What I am saying is that there are certain cultural trends that I cannot bring myself to embrace and indeed I have no interest in attempting to embrace. That’s mainly because I think they are boring and really, for grownup people, pretty puerile and stupid. But that’s just me.
So here are the popular fave-raves that I find to be insufferable pains-in-the-ass and tiresome beyond credulity. Either that or just gratuitously offensive.
Zombies: Let me be (apparently) the first to say that there is no such thing as a zombie. They only exist in the imagination and in certain voodoo mythology. They are no more real than Caspar the Friendly Ghost and most of them are about as scary as Caspar.

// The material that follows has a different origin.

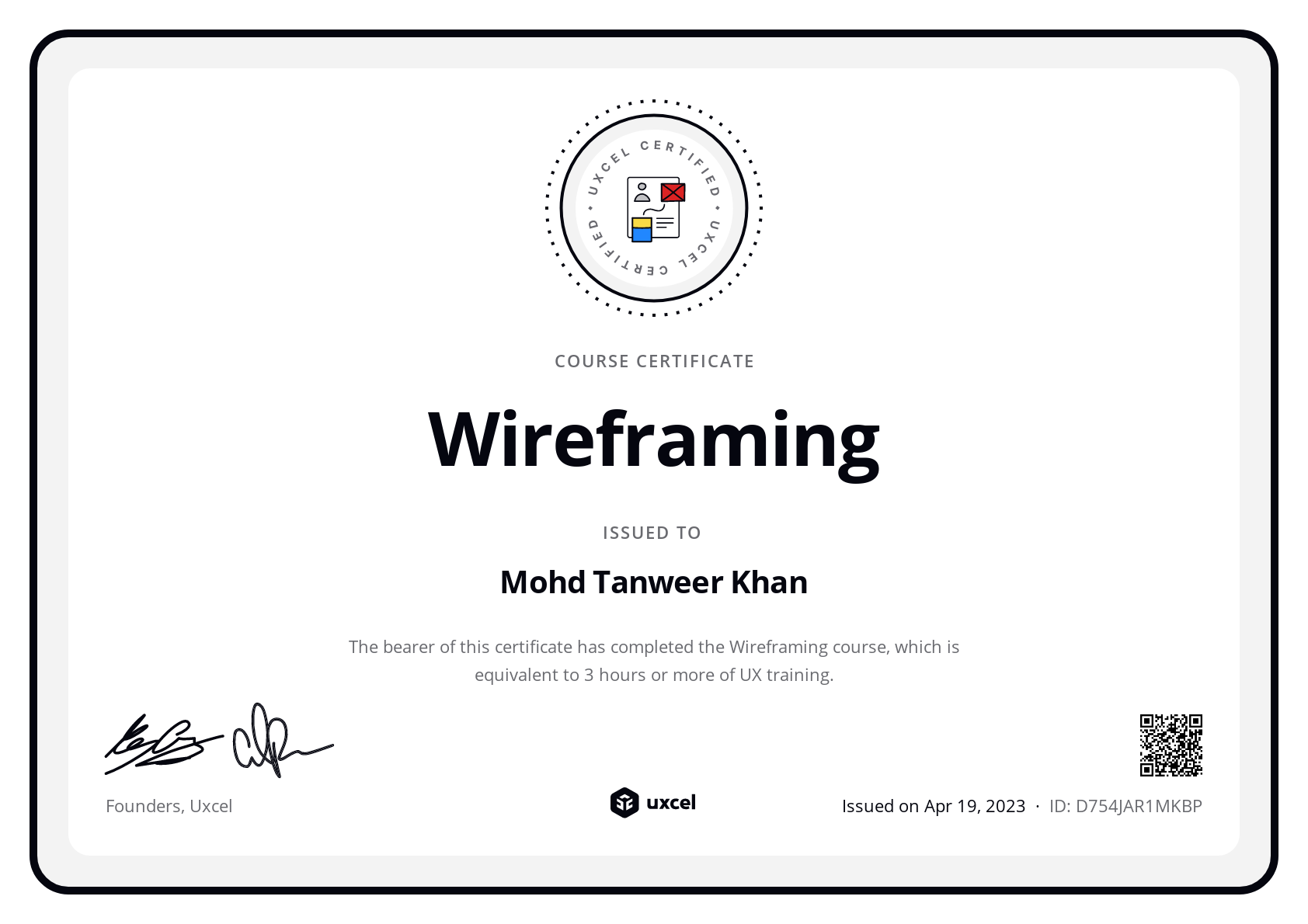 Mohd Tanweer Khan's certificate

The only decent zombies in film lore were the ones in Shawn of the Dead which is pee-your-panties funny and should be seen. You see, the filmmakers there poke fun at the genre because it is so silly. And if you think I am overstating this issue, there actually are grown-up, albeit not very smart, adults who believe that zombies exist. Sorry folks, dead is dead.

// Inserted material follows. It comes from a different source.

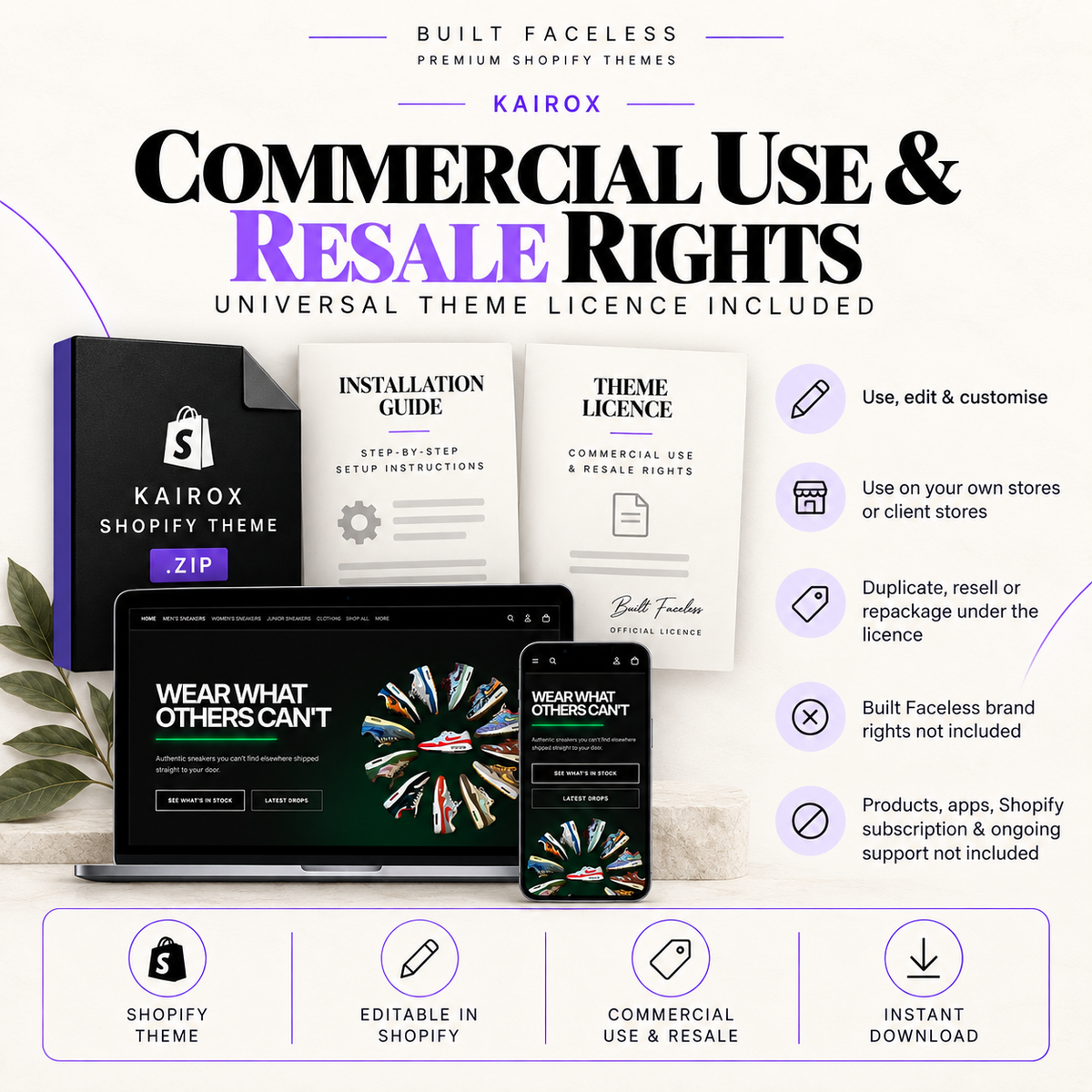 KAIROX Shopify theme package with commercial use and resale rights, installation guide and universal Built Faceless theme licence included.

Robots: By this I am not talking about ‘robotics’ which holds significant promise in so many realms. I mean, I’m not even talking about robotic sex dolls. I could, but that’s a whole other realm again. No, I am talking about the ‘robotic revolution’ in which we have been led to believe that not only will future bots do all of our tasks, but will also be capable of independent cognition like the ones in Blade Runner which you won’t be able to tell from regular flesh, blood, guts and pudendi human beings. Well, frankly, I don’t believe that will ever happen and therefore find exploration of the idea tiresome and unentertaining. In truth, the only robot I have ever had any use for is Marvin, the eternal but chronically depressed robot in Hitchhiker’s Guide to the Galaxy.
Werewolves and, God help us, overdone vampires: Like zombies, these are not real entities. So why are our TV networks cluttered with them? Have we all become 12-years-old. And love stories involving real human girls with creepy vampire dudes who, for whatever reason, are considered sexy. The only sexy reference to vampires came with Buffy the Vampire Slayer, but that was entirely due to Sarah Michelle Gellar and not to anything supernatural. And frankly there have been no sexy vampires since Bela Lugosi with that mellifluous Hungarian accent.

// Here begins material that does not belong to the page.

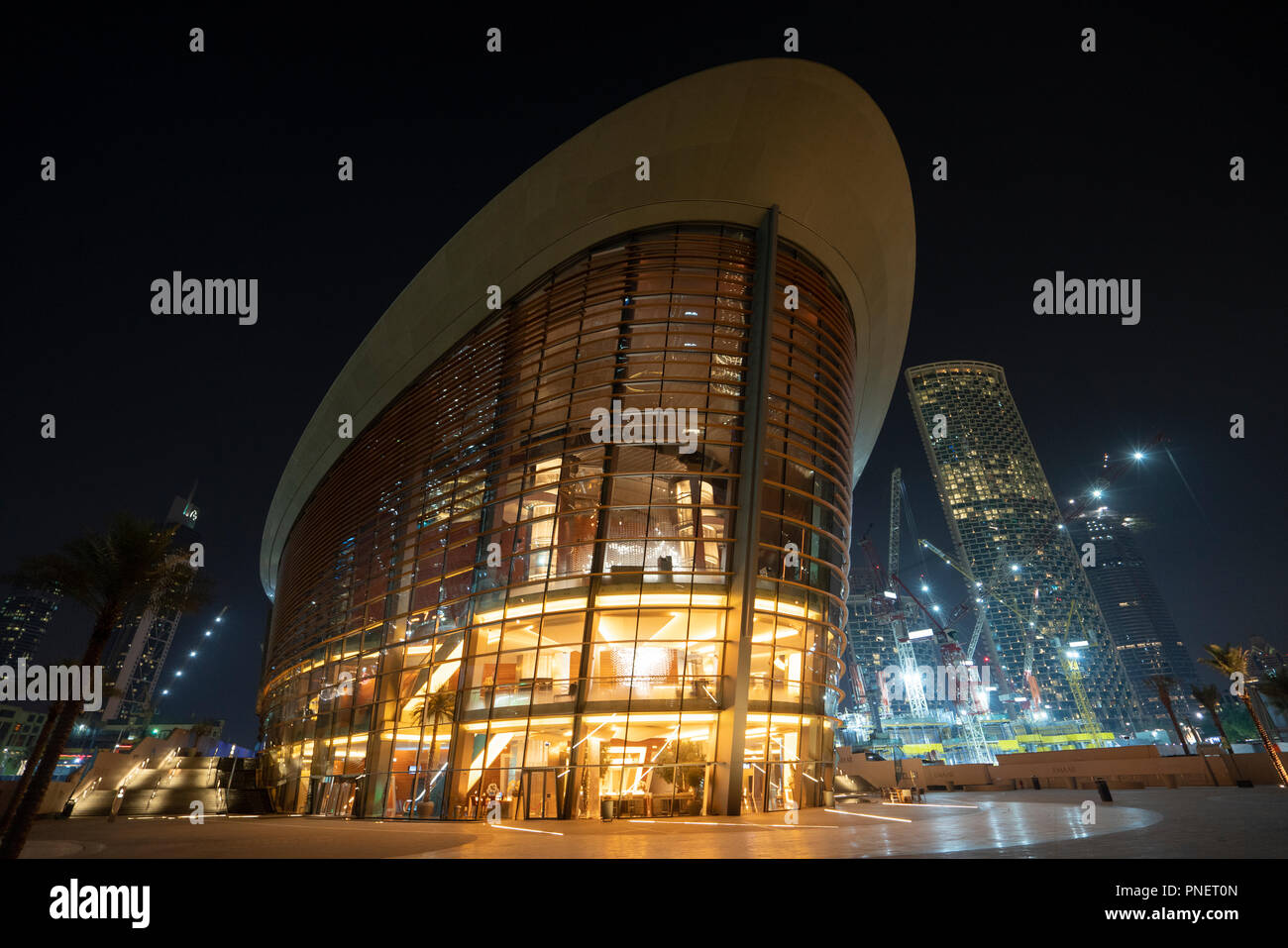 Exterior view of new Dubai Opera House in Downtown Dubai, UAE, United Arab Emirates. Stock Photo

Ghosts: I loved the movie Ghost. Play a couple of bars of Unchained Melody and I’m a weepy goner in the only film that ever justified the existence of Demi Moore in the cinematic world. Otherwise, of ghosts, I don’t believe in them so I don’t find them particularly riveting or scary. You want scary ghost tales read Henry James’ Turn of the Screw.
Gratuity: I’m not talking about sex here. There is too much gratuitous sex around – or – depending on your attitude, not enough. No, what I am talking about is gratuitous graphicness. I know that dead people look like corpses, but do I need to embrace them for my viewing pleasure? Ever-popular (even though I haven’t actually watched it in years) CSI series thrive on autopsies wherein the deceased are subject to the indignities of all sorts of pathological indignities in full scrutiny. In the CSI Miami version this is despite the fact we viewers are subjected to (at least the 10 viewers who still watch this one are) the indignity of the ongoing existence of David Caruso. But even my regularly watched and otherwise admirable NCIS is guilty of parading some disemboweled poor stiff who ends up being subject to the rather tasteless wit of the otherwise lovable Ducky who will be munching a sandwich while the hapless and late petty officer lies on the examination table. Sometimes too much is too much.